Sensors can measure almost all environmental parameters and quantitatively convert them to numbers that can be taken and processed by robots. With sensors for everything from pressure, temperature, humidity, position, toxicity, and more robots can receive a lot of gigabytes of accurate data than what we humans could measure with our fingertips.
From a programmer’s perspective, Credit Card and small-sized edge computers such as the Raspberry Pi [ https://www.raspberrypi.org ] and the Arduino [ https://www.arduino.cc ] are perfect for receiving, processing and communicating this data from the environment. Sensors connect to the GPIO pins on the boards to receive and process data.
The Power of Action
After receiving the information via sight, sound and touch, the data that proceeds to our brains with our thought then converts them into decisions that we make. Our muscles then transform those decisions into action. Those actions are executed either in the physical world or feed those actions using the computer input devices (the mouse and the keyboard) into a computer to further actionize those inputs.
In the virtual world, this is where Robotics Process Automation (RPA) comes in. Tools like AutoIT [ http://autoitscript.com ] and Sikuli [ http://sikulix.com ] which are free and tools like UiPath [ http://uipath.com ], Automation Anywhere [ https://www.automationanywhere.com ], BluePrism [ https://www.blueprism.com ] and Workfusion [ https://www.workfusion.com ] which are licensed enable RPA.

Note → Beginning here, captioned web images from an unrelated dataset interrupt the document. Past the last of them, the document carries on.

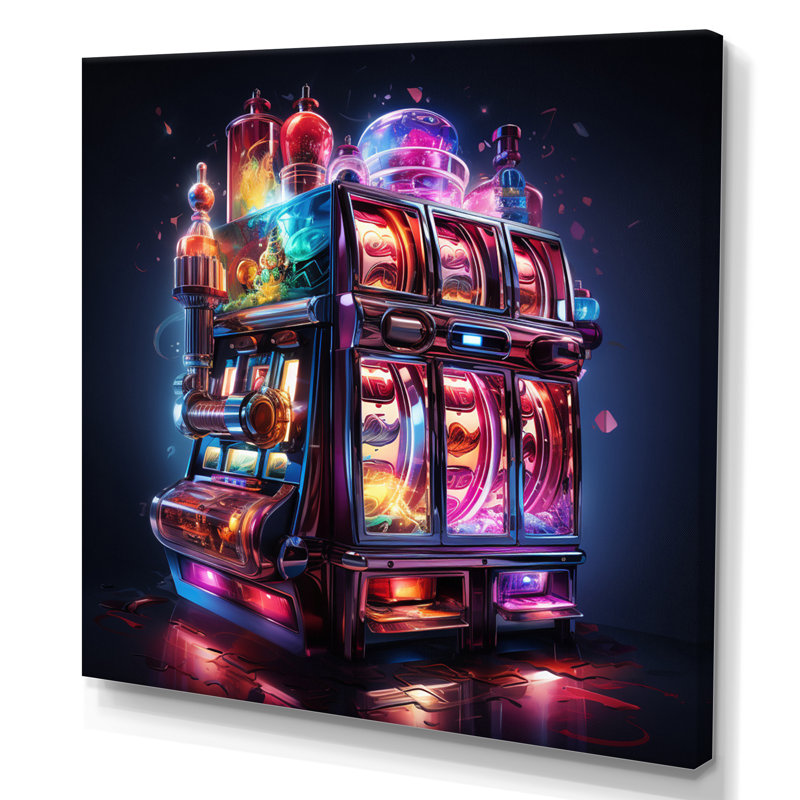 Art mural sur toile, "Casino Royale II", H 36 po x l 36 po x P 1,5 po, Toile tendue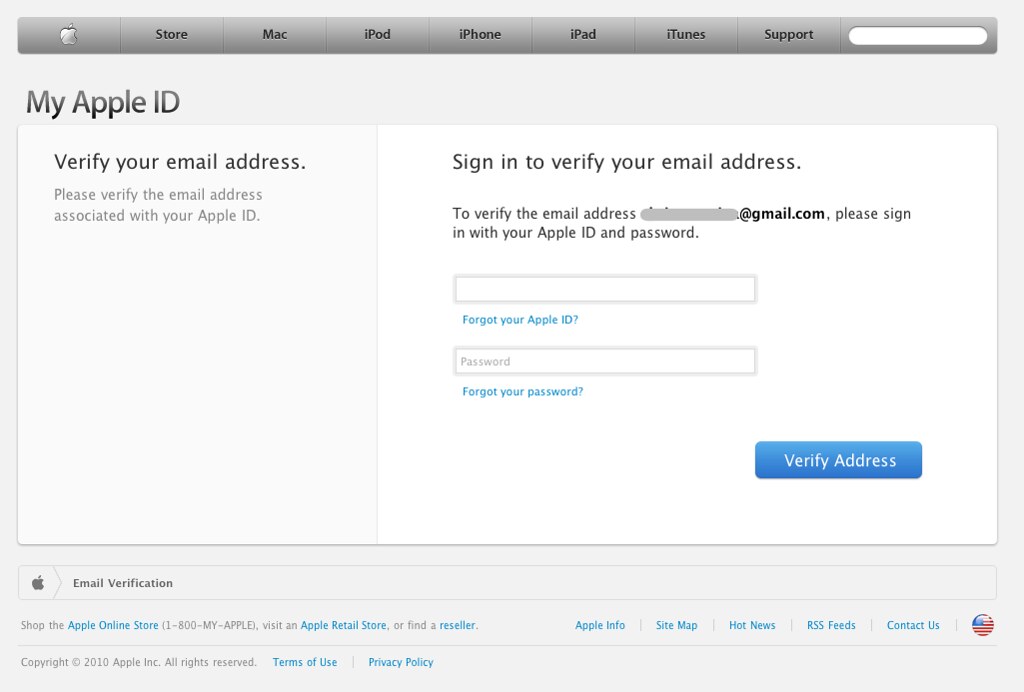 fake address apple id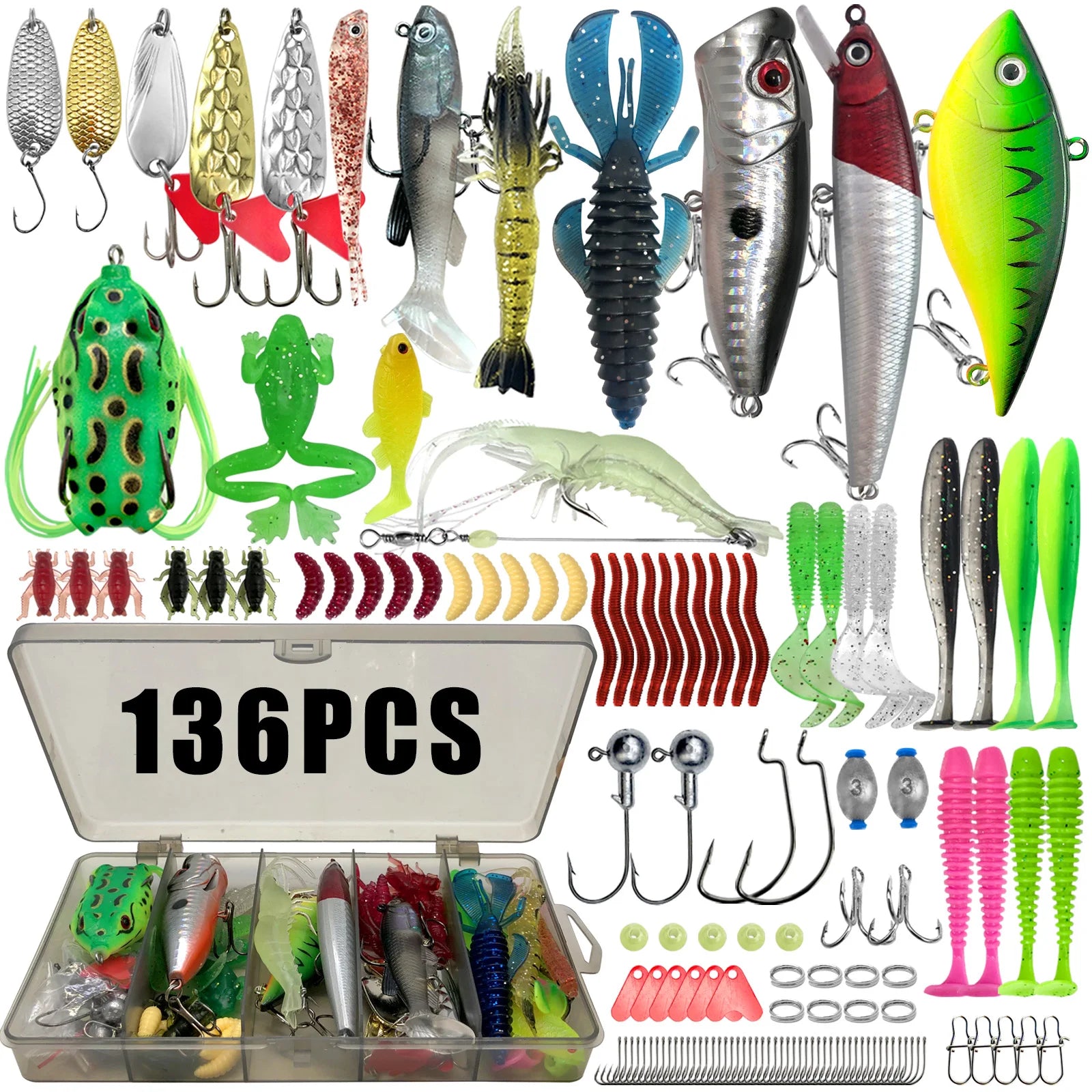 Kit de Señuelos para Pesca – Set Completo con Caja Táctica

In the physical world, robots take information from the cognitive functions of the Deep Neural Net and act upon them. Take for example a computer vision-based sorting machine that removes defective parts based on visual inspection.
By studying each of the human abilities and looking at the tools that are already prevalent in the market that replicate each of the individual human abilities that K.I.T.T portrayed into a computer-based algorithm, we can now combine these pieces to create an implementable map for General AI. Transferring the human abilities of Thought, Sight, Sound, Touch, and Action into a Robotic Framework becomes an achievable goal.
The one ability that K.I.T.T had that we have not been able to replicate is human emotion, the feelings of love, trust and respect for each other are still unique to humans, but even those may be algorithmically driven in the days to come!